Stored items from a collection:
#####
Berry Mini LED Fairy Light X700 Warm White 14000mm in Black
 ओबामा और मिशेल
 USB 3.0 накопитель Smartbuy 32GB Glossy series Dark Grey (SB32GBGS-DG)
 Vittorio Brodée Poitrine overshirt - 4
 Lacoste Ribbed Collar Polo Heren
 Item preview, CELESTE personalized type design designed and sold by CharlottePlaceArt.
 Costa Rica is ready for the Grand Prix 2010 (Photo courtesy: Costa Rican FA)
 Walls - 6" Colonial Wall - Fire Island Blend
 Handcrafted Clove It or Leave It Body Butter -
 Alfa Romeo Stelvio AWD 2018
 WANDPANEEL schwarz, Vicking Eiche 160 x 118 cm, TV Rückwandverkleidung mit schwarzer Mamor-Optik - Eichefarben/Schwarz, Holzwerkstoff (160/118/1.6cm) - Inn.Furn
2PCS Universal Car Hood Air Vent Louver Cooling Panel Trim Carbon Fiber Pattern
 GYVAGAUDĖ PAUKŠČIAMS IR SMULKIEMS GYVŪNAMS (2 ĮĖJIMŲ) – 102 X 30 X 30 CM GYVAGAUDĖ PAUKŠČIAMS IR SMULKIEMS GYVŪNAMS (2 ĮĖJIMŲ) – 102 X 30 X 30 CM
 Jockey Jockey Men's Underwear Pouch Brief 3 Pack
#####
Requirement:
Every record above must be repeated word for word.

Response area:
Berry Mini LED Fairy Light X700 Warm White 14000mm in Black
 ओबामा और मिशेल
 USB 3.0 накопитель Smartbuy 32GB Glossy series Dark Grey (SB32GBGS-DG)
 Vittorio Brodée Poitrine overshirt - 4
 Lacoste Ribbed Collar Polo Heren
 Item preview, CELESTE personalized type design designed and sold by CharlottePlaceArt.
 Costa Rica is ready for the Grand Prix 2010 (Photo courtesy: Costa Rican FA)
 Walls - 6" Colonial Wall - Fire Island Blend
 Handcrafted Clove It or Leave It Body Butter -
 Alfa Romeo Stelvio AWD 2018
 WANDPANEEL schwarz, Vicking Eiche 160 x 118 cm, TV Rückwandverkleidung mit schwarzer Mamor-Optik - Eichefarben/Schwarz, Holzwerkstoff (160/118/1.6cm) - Inn.Furn
2PCS Universal Car Hood Air Vent Louver Cooling Panel Trim Carbon Fiber Pattern
 GYVAGAUDĖ PAUKŠČIAMS IR SMULKIEMS GYVŪNAMS (2 ĮĖJIMŲ) – 102 X 30 X 30 CM GYVAGAUDĖ PAUKŠČIAMS IR SMULKIEMS GYVŪNAMS (2 ĮĖJIMŲ) – 102 X 30 X 30 CM
 Jockey Jockey Men's Underwear Pouch Brief 3 Pack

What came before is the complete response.